Unemployment Up, Drilling Jobs Down
Jane Van Ryan
Posted December 3, 2010
There's more bad news on the economic front today. The official unemployment rate has climbed to 9.8 percent. An estimated 15 million Americans are out of work this holiday season.
The high unemployment statistics make it even more troubling that the administration has chosen to halt offshore oil and natural gas development in the eastern Gulf, the Atlantic and Pacific for at least the next seven years. As we reported yesterday, opening those areas to development could have created 57,000 high-paying jobs.
The ban on opening new offshore areas to drilling was only one of several news stories and revelations that have raised questions about policy decisions in the past few days:
- Former Vice President Al Gore admitted that he supported ethanol purely for political reasons. "I had a certain fondness for farmers in the state of Iowa because I was about to run for president...First generation ethanol I think was a mistake," he said at a business conference in Greece.
- Interior Secretary Ken Salazar said he is streamlining the permitting process for offshore wind farms along the Atlantic coast. The farms could produce electricity for homes and businesses in a few years, but they won't address the need for liquid transportation fuels. Very few of America's 250 million vehicles plug in.

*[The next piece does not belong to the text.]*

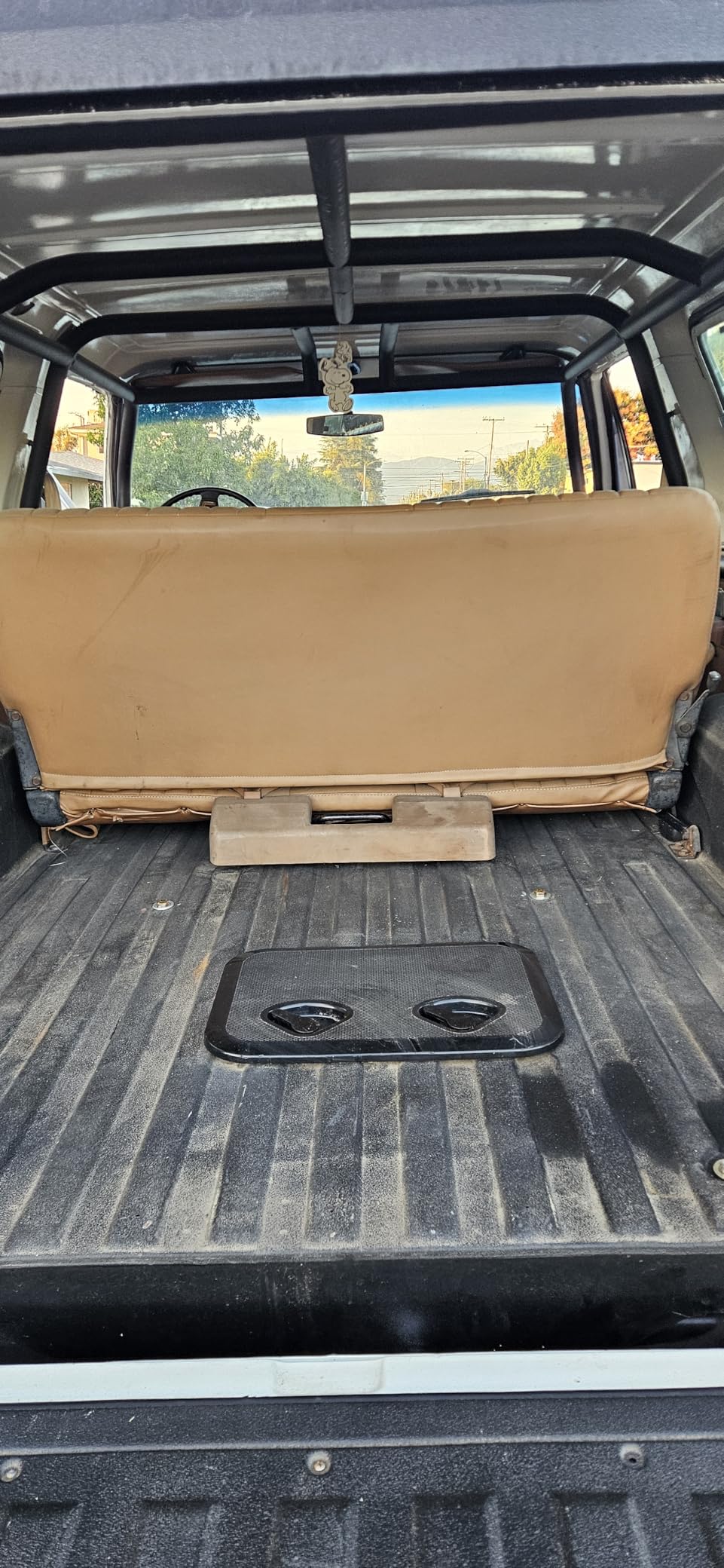 SEAFLO Marine Boat Deck Rectangular Access Hatch - White/Black, Lock and Key/Regular customer photo 2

- Sec. Salazar implied that the oil and natural gas industry doesn't need to drill in new offshore areas to produce more oil and natural gas because there are 29 million acres under leases that haven't been developed. He neglected to say that many of those areas might not contain energy deposits. "You can't produce oil and gas where oil and gas don't exist," said API President and CEO Jack Gerard. "It's a red herring to suggest somehow that there is oil and gas waiting to be developed."
- The "permitorium" in the Gulf of Mexico is continuing to slow oil and natural gas development. Several drilling companies have "stacked" offshore rigs. Noble Corp has sent 10 rigs to the shipyard, citing a lack of drilling contracts; Transocean stacked four more of its rigs in mid-November; and a brand new Ensco Plc rig is moving from the Gulf to South American waters.
Meanwhile, Greenland has awarded seven new licenses for oil and natural gas exploration in the Baffin Bay off its western coast. A Greenland official said called the licenses "an important step towards achieving a sustainable economy for Greenland."
Apparently Greenland understands the benefits of offshore drilling to its economy. With so many Americans without jobs, it's a shame the U.S. government doesn't recognize the benefits of oil and natural gas development here.